Nixos-rebuild stuck in an activation loop

damscal · November 3, 2024, 6:21pm

Hi,

I recently had to restore one of my systems from a few months old backup. I’m trying to reapply my most recent tested configuration. The build is successful, but the activation gets stuck in an endless loop. The strange thing is that the configuration used to get activated fine before I restored the system from backup.
I’m using flakes. Nixos version 24.05. aarch64. It is a virtual private server on oracle cloud, therefore I cannot operate on the boot screen. I’m using code-server (i.e. remote vscode) and ssh to access the vps. Shortly after I run nixos-rebuild test both code-server and ssh get disconnected, so I saved the output of nixos-rebuild to a file and force reboot the system from oracle cloud console.

This is the output:

stopping the following units: acme-finished-nextcloud.deeporange.onira.world.target, acme-fixperms.service, acme-lockfiles.service, acme-nextcloud.deeporange.onira.world.timer, audit.service, code-server.service, kmod-static-nodes.service, logrotate-checkconf.service, mount-pstore.service, network-local-commands.service, network-setup.service, nextcloud-cron.timer, nscd.service, phpfpm-nextcloud.service, phpfpm.slice, phpfpm.target, postgresql.service, redis-nextcloud.service, resolvconf.service, run-wrappers.mount, systemd-binfmt.service, systemd-bootctl.socket, systemd-creds.socket, systemd-hostnamed.socket, systemd-modules-load.service, systemd-oomd.service, systemd-oomd.socket, systemd-sysctl.service, systemd-timesyncd.service, systemd-udevd-control.socket, systemd-udevd-kernel.socket, systemd-udevd.service, systemd-update-done.service, systemd-vconsole-setup.service, systemd-zram-setup@zram0.service, var-lib-nextcloud.mount, var-lib-postgresql.mount
NOT restarting the following changed units: -.mount, getty@tty1.service, nix.mount, serial-getty@ttyAMA0.service, systemd-fsck@dev-disk-by\x2dlabel-ESP.service, systemd-journal-flush.service, systemd-logind.service, systemd-random-seed.service, systemd-remount-fs.service, systemd-update-utmp.service, systemd-user-sessions.service
activating the configuration...
removing group ‘redis-nextcloud’
removing group ‘postgres’
removing group ‘nextcloud’
removing user ‘redis-nextcloud’
removing user ‘postgres’
removing user ‘nextcloud’
setting up /etc...
removing obsolete symlink ‘/etc/systemd/user-generators’...
removing obsolete file ‘/etc/mtab’...
restarting systemd...
restarting sysinit-reactivation.target
reloading the following units: dbus.service, firewall.service, reload-systemd-vconsole-setup.service, srv.mount, var-lib-acme.mount, var-lib-nixos.mount, var-lib-systemd.mount, var-log.mount
restarting the following units: acme-deeporange.onira.world.timer, dhcpcd.service, home-manager-damscal.service, nginx.service, nix-daemon.service, persist.mount, sshd.service, swap.mount, systemd-journald.service
activating the configuration...
setting up /etc...
restarting sysinit-reactivation.target
restarting the following units: acme-deeporange.onira.world.timer, dhcpcd.service, home-manager-damscal.service, nginx.service, nix-daemon.service, persist.mount, sshd.service, swap.mount, systemd-journald.service
activating the configuration...
setting up /etc...
restarting sysinit-reactivation.target
restarting the following units: acme-deeporange.onira.world.timer, dhcpcd.service, home-manager-damscal.service, nginx.service, nix-daemon.service, persist.mount, sshd.service, swap.mount, systemd-journald.service
activating the configuration...
setting up /etc...

The last part keeps looping endlessly.
Any ideas of what might be causing this?
Thank you.

waffle8946 · November 3, 2024, 6:38pm

Please share config particularly anything around activation scripts.
Also might be good to run a store repair in case.

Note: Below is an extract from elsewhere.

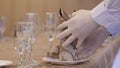 A waiter arranges the napkin on the plate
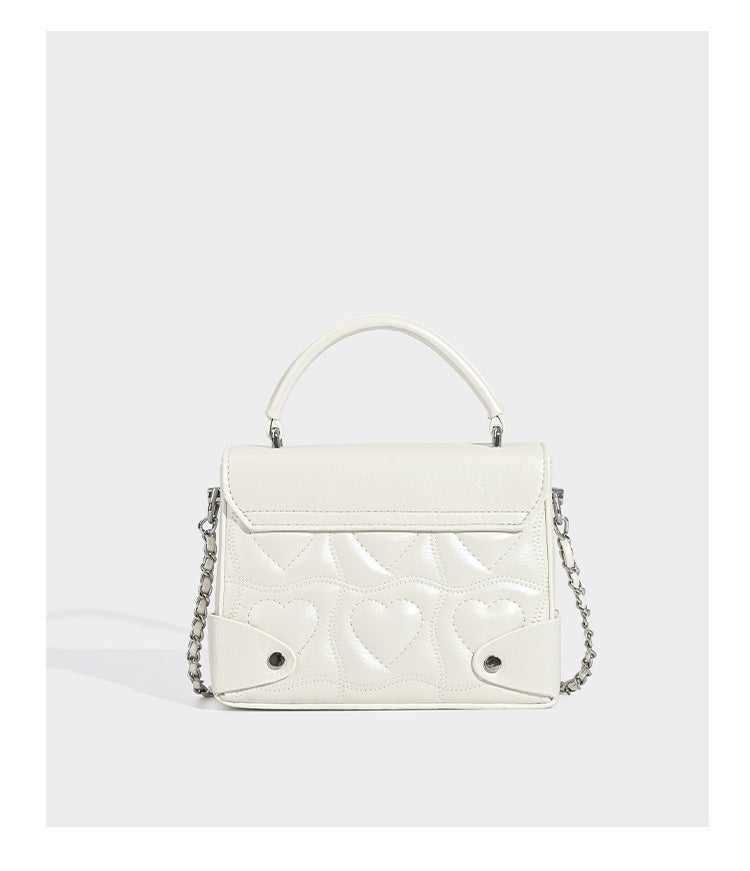 Kleine strukturierte Box-Tasche aus herzförmig gestepptem PU mit Henkel, silberfarbenem Kettenriemen zum Tragen als Crossbody und ovalem Drehverschluss, Detailansicht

damscal · November 3, 2024, 10:01pm

performed store repair to no avail…

my configurations are in this repo: GitHub - damscal/nix-garden at master

this particular system is colled deeporange. It is defined among others in flake.nix, its configuration modules are in ./nixos/configurations/deeporange/ and in ./nixos/common-assets/.
I believe to have only one activation script, in the module ./nixos/common-assets/optin-persistence.nix. I tried to run nixos-rebuild commenting out that activation script, but the result was the same. Similarly, I tried to disable the entire modules nextcloud-server.nix, code-server.nix, sops.nix and ephemeral-btrfs.nix.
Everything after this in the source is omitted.